A group of researchers at the University of Missouri School of Medicine have found a promising application of a commonly used pulmonary function test in the early detection of asthma in pediatric patients. Immediate diagnosis of the disease could reduce the probable number of patients who would soon suffer serious lung complications if not properly managed.
ScienceDaily writes that nearly seven million children in the U.S. have been diagnosed of asthma and many more are still under cover. Such a disease affects the airways that carry air to and from a person's lungs, making any patient with the condition to have difficulties in breathing. Symptoms appear if there is an inflammation of the air passages caused by irritants, resulting to a temporary narrowing of the airways.
Usually, patients with asthma are given spirometry test - a pulmonary function test that measures airflow in different parts of the lungs. One part of such test that measures airflow in the large airway is what medical practitioners commonly used. Yet, MU researchers found a greater importance with the other part involving the smaller airway which for them is critical in identifying an imminent asthma.
"When the disease is still in the small airways, it tends to not show symptoms," says Peter Konig, M.D., professor emeritus of child health at the MU School of Medicine and pediatric pulmonary specialist, in the press release.
"By the time the disease gets to the large airways, patients typically cough, wheeze and experience shortness of breath," Dr. Konig adds.
With the team's analysis on more than 2,300 spirometry tests, it showed that asthma was detected much earlier by reading the airflow through the small bronchi as compared to the doctors' typical procedure of analyzing airflow obstruction in the large bronchi. Also, they noted that most cases of asthma start to emerge in the small airway before it moves up to the large airway.

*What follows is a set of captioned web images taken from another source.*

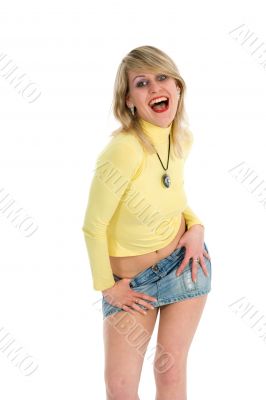 Portrait of the young beautiful girl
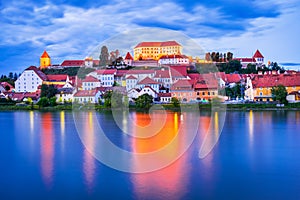 Ptuj, Styria historical region. Oldest recored city in Slovenia, Drava River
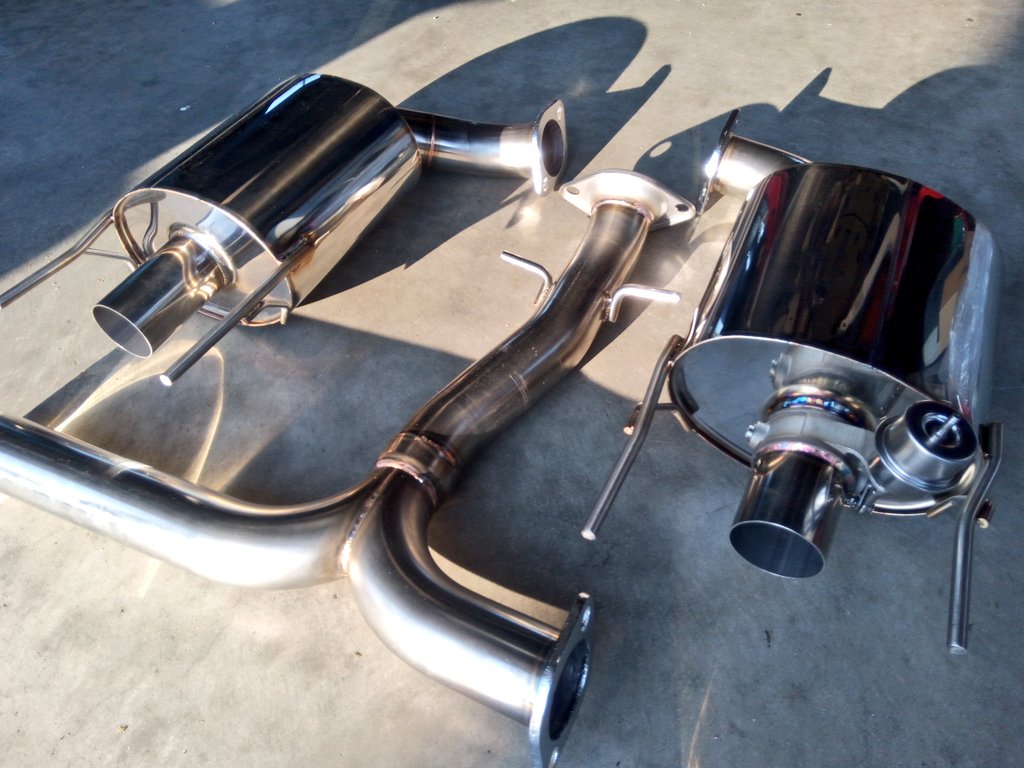 BADMOON RACING RPM REAR PIECE MODIFY MUFFLER EXHAUST FOR HONDA CIVIC FD2 BADMOONRACING-00001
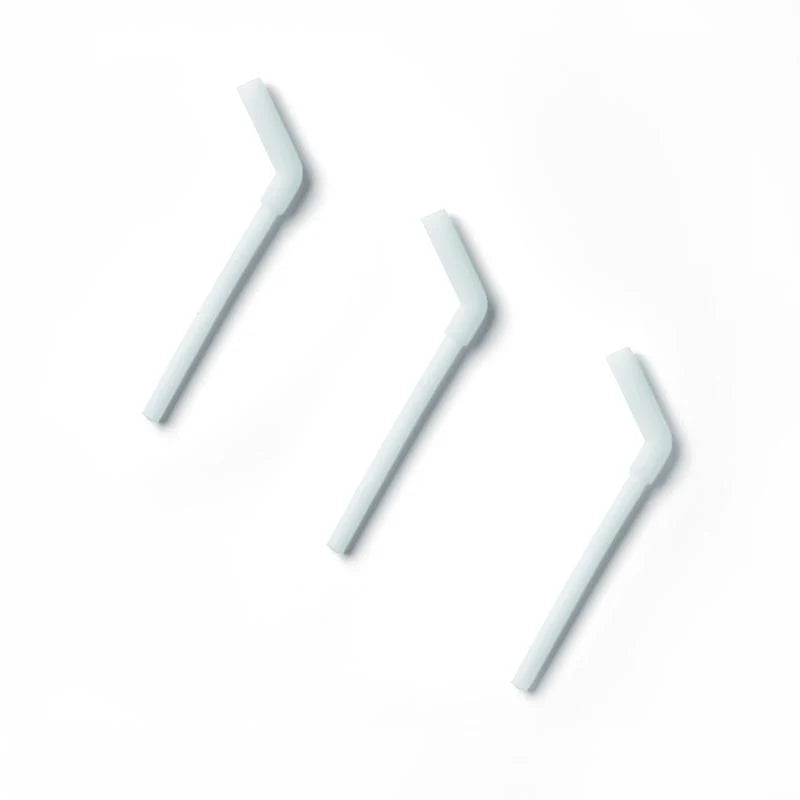 Miniware Silicone Straw 3 Pack Set -Aqua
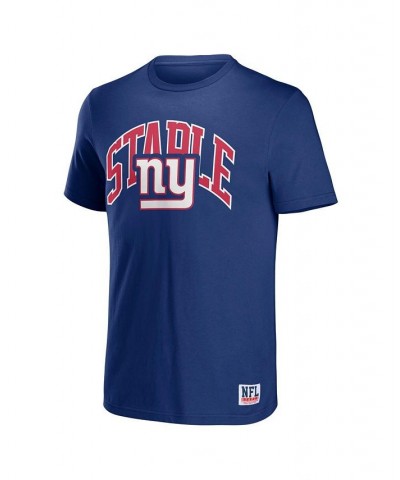 Men's NFL X Staple Blue New York Giants Lockup Logo Short Sleeve T-shirt $14.40 T-Shirts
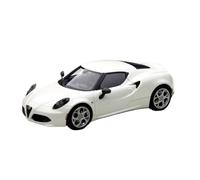 YRXIAO 1:18 Alfa Romeo 4C Blanco Metalizado Modelo A Escala Colección De Superdeportivo Adorno Escritorio(White)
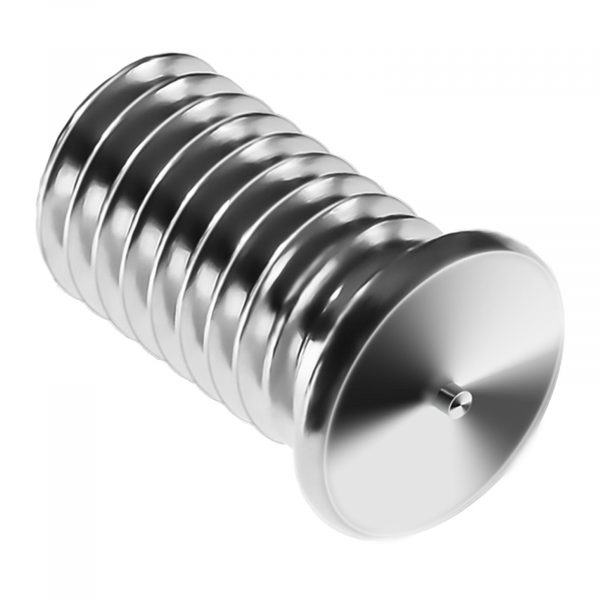Svařovací svorníky - M8 - 16 mm - ušlechtilá ocel - 250 kusů | STUD SET 250E M8 16mm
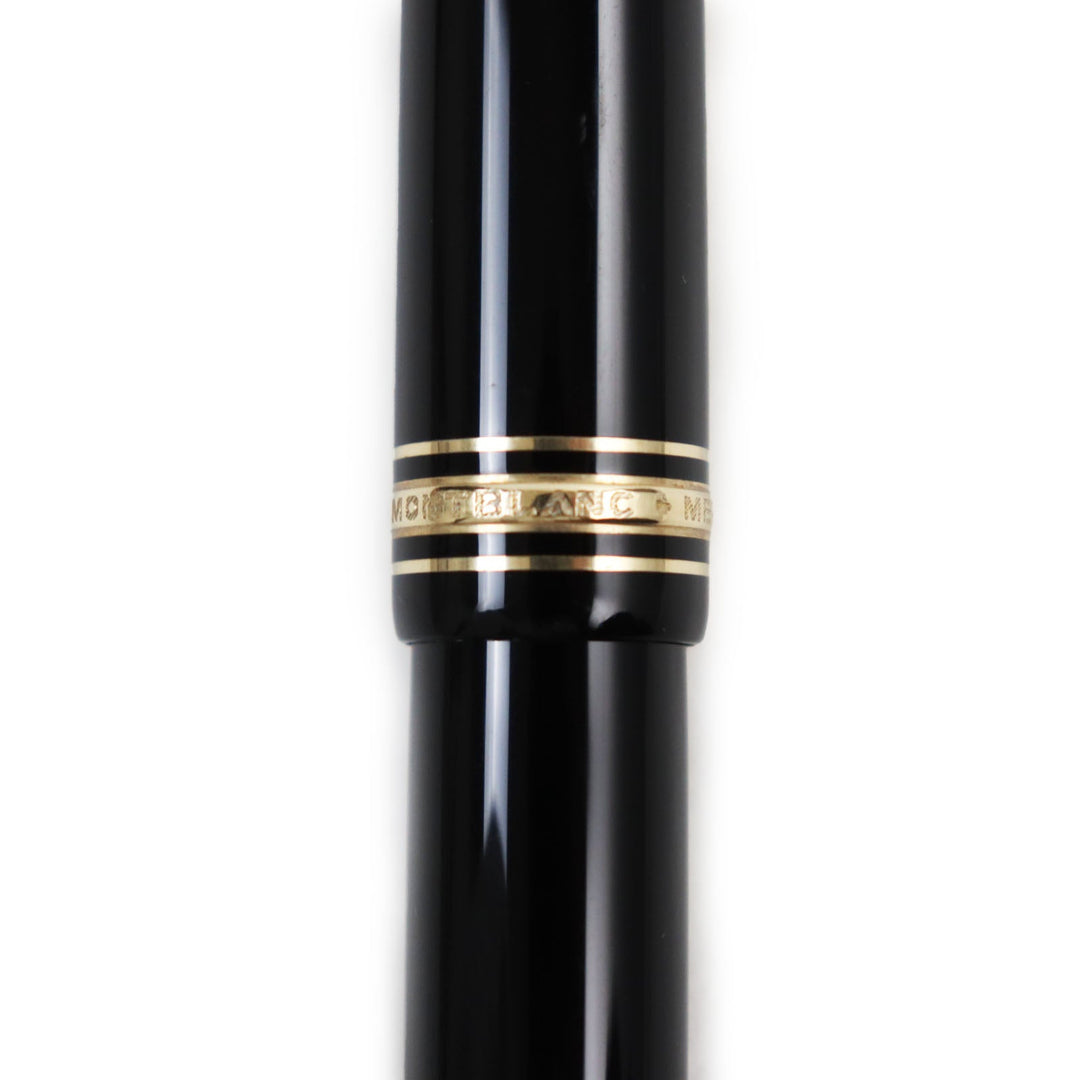 MONTBLANC fountain pen Pen point: K14 Black gold Meisterstuck No.149 mens Used Authentic
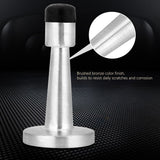 Zinc Alloy Rubber Anti Collision Door Stopper Holder Home Hotel Office Accessory (Brushed) In Australia - Darrahopens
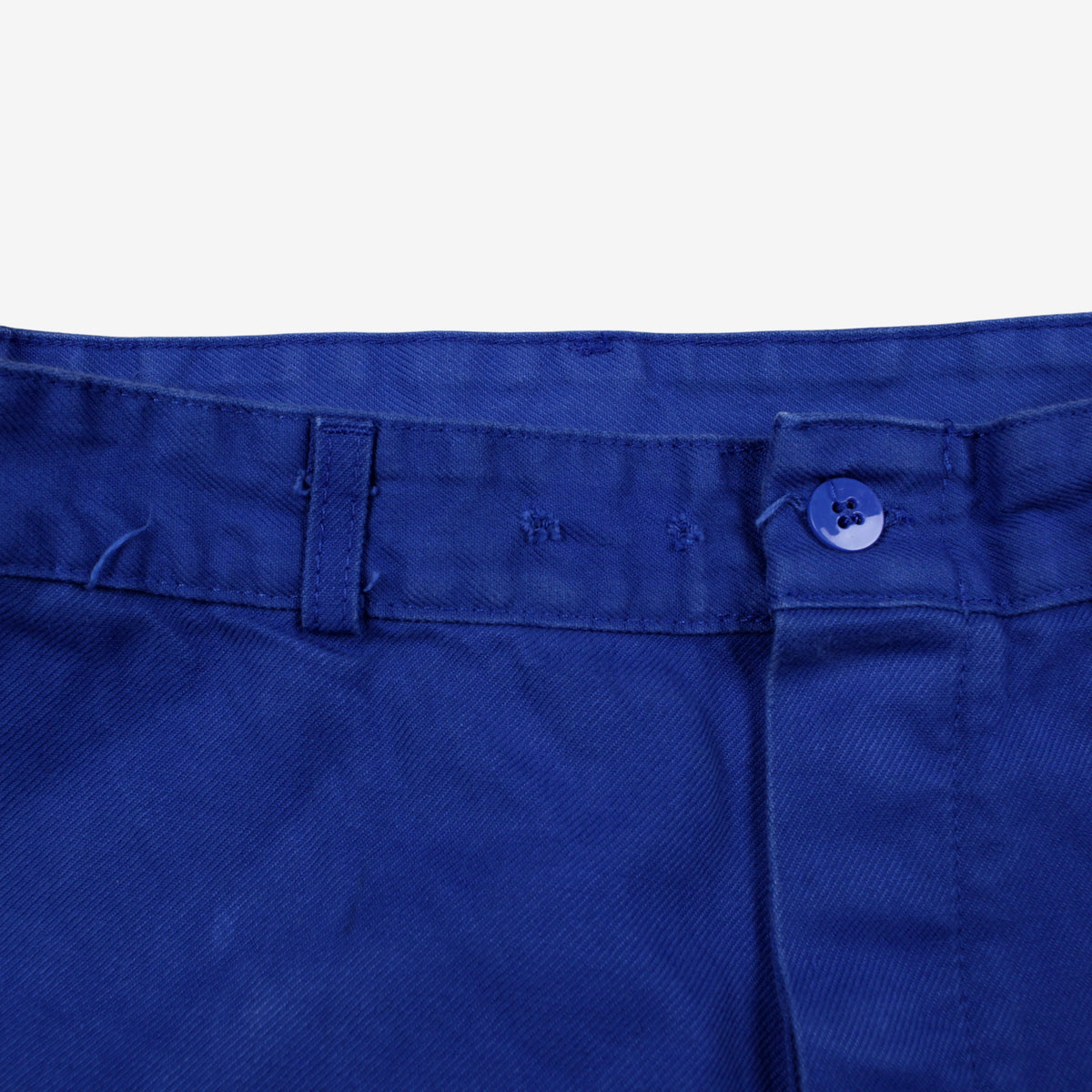 Vintage French Workwear Trousers Pants 30x30 Mens Blue Straight Utility Chore
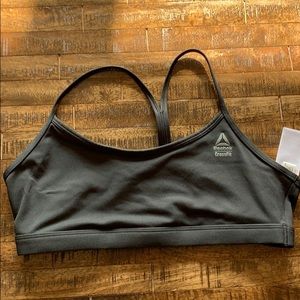 👊 Reebok Crossfit sports Bra size Large. Black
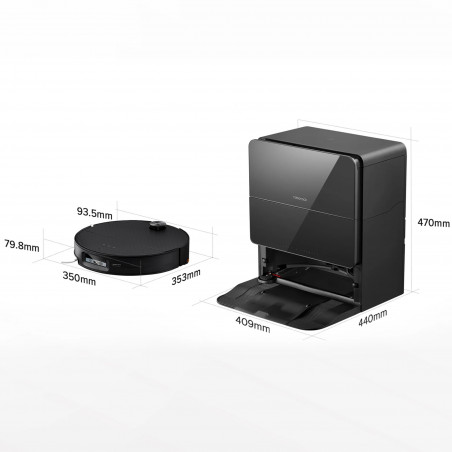 Прахосмукачка робот с AI Roborock Saros 10, 65W, 22000 Pa, 270 мл, SMART, Сухо и мокро почистване, LiDAR, StarSight, 180 мин автономност, Черен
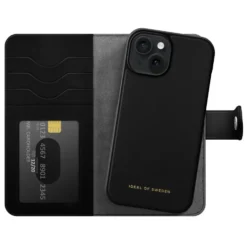 IDEAL OF SWEDEN Magnet Wallet+ for iPhone 15 Svart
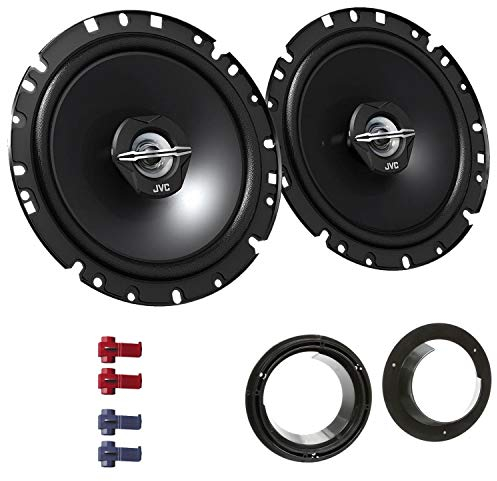 JVC CS-J1720X Lautsprecher mit Einbauset passend für Suzuki Splash ab 2008 Türen vorne/hinten 600 W 170mm 2 Wege Koax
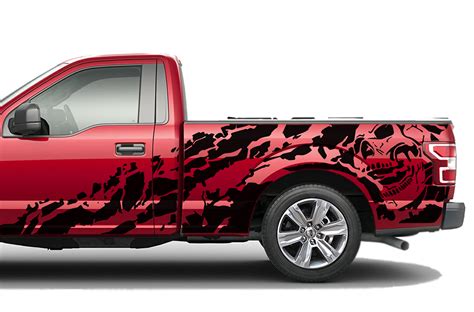 Ford F150 Decals Nightmare Vinyl Graphics Compatible With Ford F150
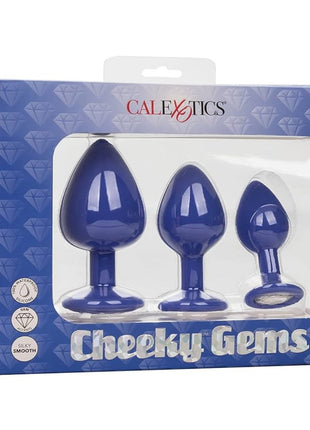 Calexotics Cheeky Gems 3 pcs Anal Alıştırıcı Silikon Plug Set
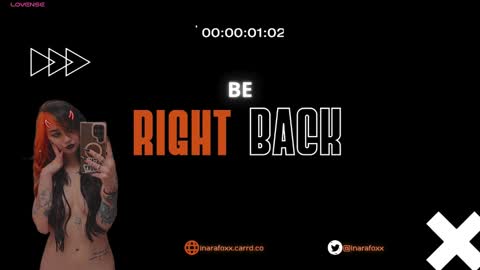 Inarafoxx online show from January 9, 8:11 pm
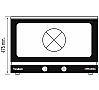 Romagsa Horno Convección Tandem 3Plus Lateral Eléctrico - 3 Bandejas 60 x 40 cm - vista 5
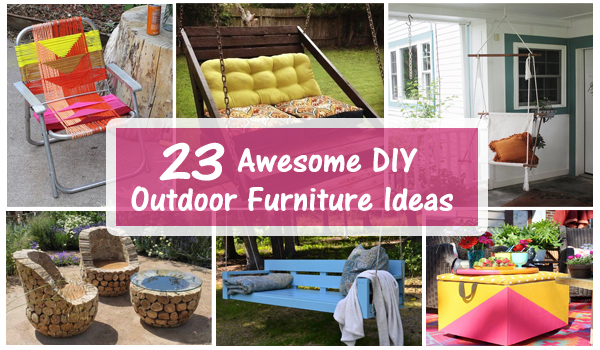 23 awesome diy outdoor furniture ideas- DIYscoop.com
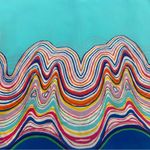 Lilly Pulitzer  Rogan Top Shorely Blue Catch Stripe Silk Keyhole Neck Tank Photo 4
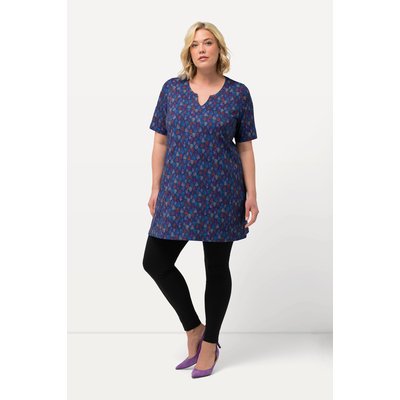 T-shirt long à motif triangles ULLA POPKEN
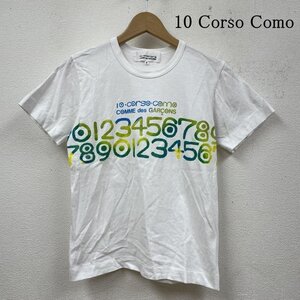 ディエチ・コルソ・コモ COMME des GAR?ONS 数字 プリント クルーネック シャツ SF-T903 AD2010 Tシャツ Tシャツ S 白 / ホワイト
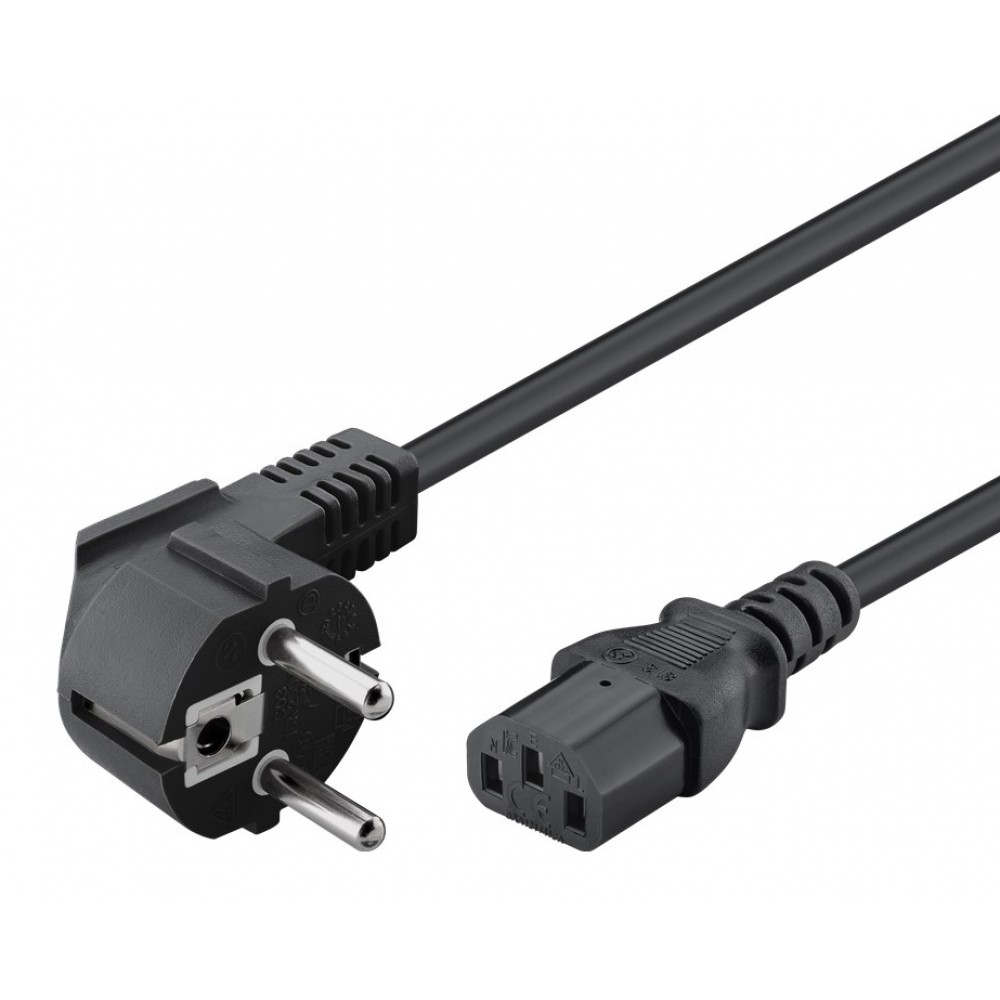 POWERTECH καλώδιο τροφοδοσίας CAB-P032, 3x 1mm², copper, 5m, μαύρο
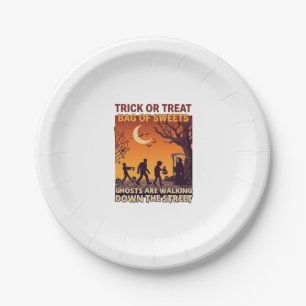 Süßes oder Saures Halloween Zombies Sensenmann Kür Pappteller
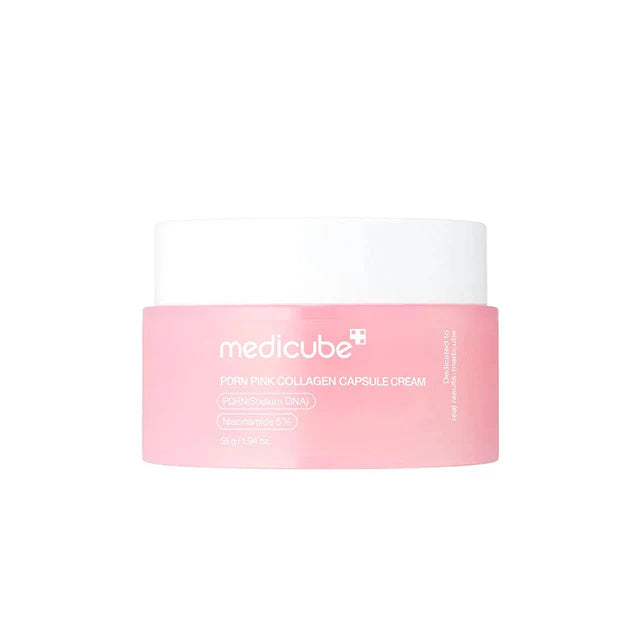 Medicube PDRN Pink Collagen Capsule Cream 55g – Firming & Brightening Korean Moisturizer for Glass Skin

"If you look at the small airway test, you can detect asthma before it worsens, and that means treatment starts earlier and results from the treatment are better," says Dr. Konig.
With this finding, the research team is also planning to use the same technique and assess if it can detect early stage cystic fibrosis in patients. This disease brings out the same symptoms as those of asthma, and also starts in the small air passage.
The study appears in the Journal of Asthma.